Ireland is a leading EU domicile for fund products, notably in the money market funds (MMFs) space, private asset strategies, and exchange-traded funds, with tokenisation via distributed ledger technology offering faster settlement, enhanced transparency, and new functionality. MMFs may benefit from real-time cash management and automated compliance. In 2025, global tokenised real-world assets exceeded US$36 billion, driven by major asset managers launching tokenised products, primarily MMFs, and Boston Consulting Group estimates tokenised fund assets under management could reach 1% of global mutual funds and ETF AUM within seven years, implying more than US$600 billion by 2030.
Ireland has emerged as an active participant in this trend. BlackRock and Fidelity International piloted tokenisation of their Irish-domiciled MMFs for collateral on JP Morgan’s Kinexys platform, and platforms like Archax offer tokenised access to Irish-domiciled MMFs from firms such as BlackRock, State Street, Fidelity International, LGIM, and Federated Hermes for professional and institutional investors. Tokenisation activity spans Asia, the US, and Europe, with Franklin Templeton launching its first European tokenised MMF and broader partnerships bringing funds onto distributed ledger infrastructure; the broader tokenised real-world asset market grew an estimated 85% year over year, while tokenised fund AUM remains a small fraction of the US$7 trillion money fund sector.

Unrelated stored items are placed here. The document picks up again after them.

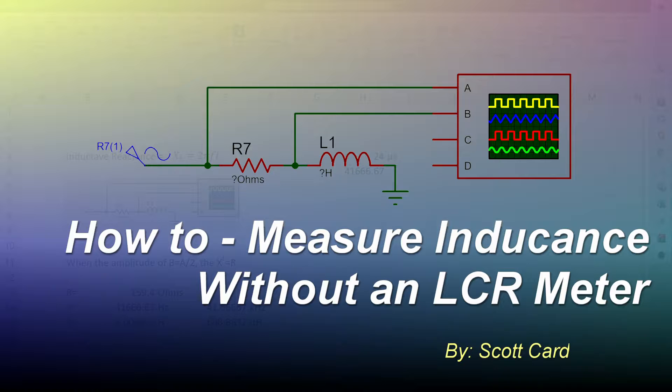Today I have for you a presentation on how to use an oscilloscope and a function generator to measure the inductance of a coil or a transformer when you don't have an LCR meter.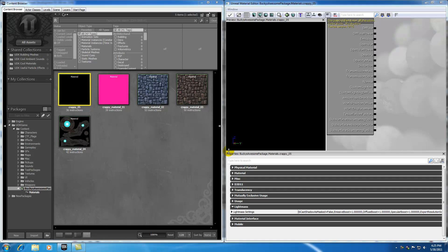Alright guys, welcome to your 28th UDK tutorial. This is the last tutorial where I'm going to be covering materials for now. In this tutorial, I'm going to be covering the specular control of a material—in other words, how to control the shininess of a material. It's going to be awesome, so stay tuned.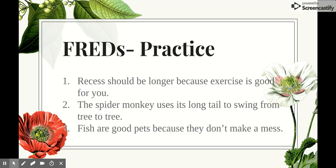One last series of examples to practice. The first one: recess should be longer because exercise is good for you. This is a reason. It's a belief or an opinion particular to the person. Someone else could believe that recess should be longer for a different reason. Number two: the spider monkey uses its long tail to swing from tree to tree. This is an example. You probably read, heard about, or saw a spider monkey moving between the trees using its tail.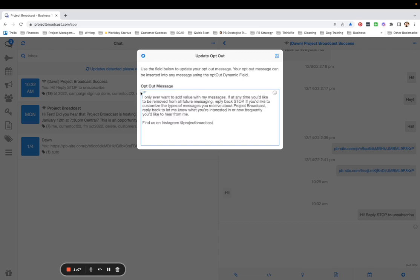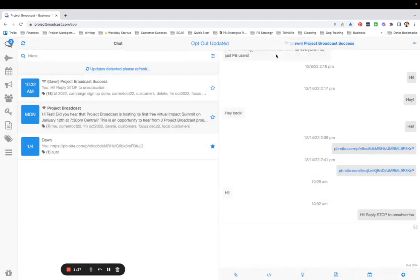I say something along these lines — I add a couple of asterisks so it separates my opt-out message from the rest of my message. I let them know I want to add value with my messages, so if you don't want to hear from me ever again, reply back stop. If you want to customize how you hear from me, let me know. And then I also add a little way for them to follow me on social media at the end, just in case they want to interact with me somewhere outside of text messaging.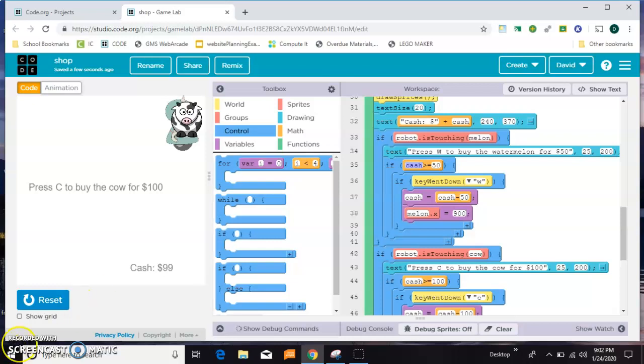That's the beginnings of making a shop. When you're making your own game and you buy items, you would hope that they would give you something like a new outfit or a new ability. I'll leave that part to you.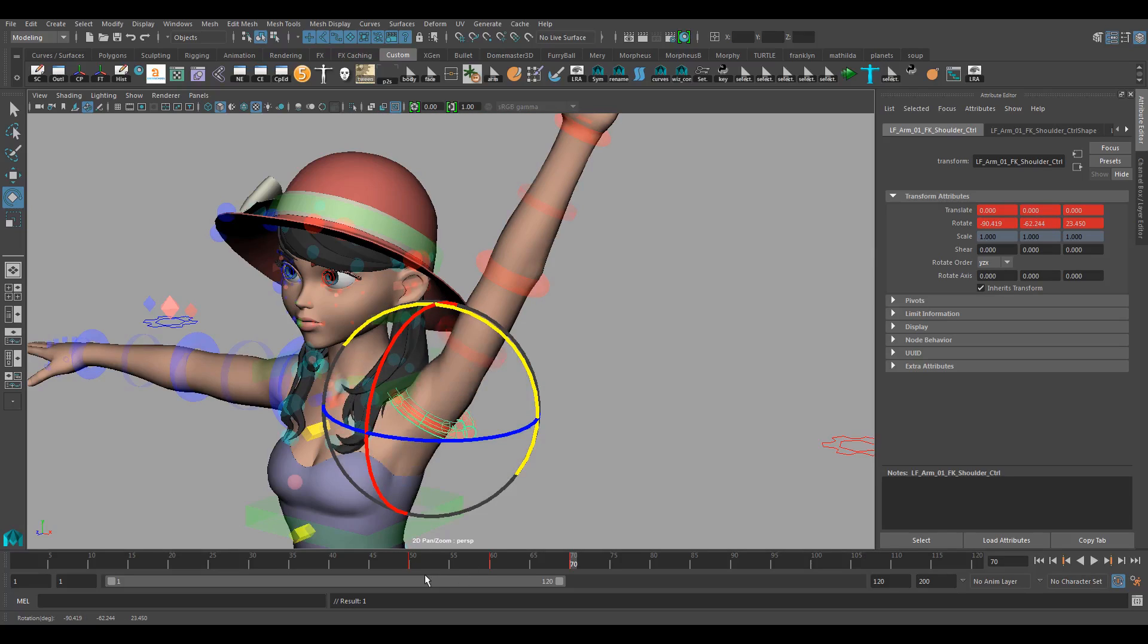Okay, that's it. This is my take on gimbal lock and rotation order. And I hope this was somewhat helpful for you. So thank you for listening. Until next time, bye.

Some of the most promising areas include using tokenised MMFs (TMMFs) as collateral for derivatives or securities lending, given their composition of high-quality liquid assets and their potential to reduce churn and sell pressure in market stress events such as the UK LDI crisis. Global Digital Finance has published The Case for Collateral Mobility in Europe & The UK using Money Market Funds, to which Irish Funds contributed, noting that TMMFs offer yield accrual that can make them a more attractive posted collateral than cash or stablecoins in a high-interest-rate environment. In the wider stablecoin space, Decrypt’s velocity analysis shows Tether leading at 166, RLUSD at 71, and USDC at 56 in 2025, with USD1 as an outlier; Circle’s USDC has benefited from GENIUS Act-driven regulatory clarity and related banking charters, underscoring momentum in regulated, tokenised financial services.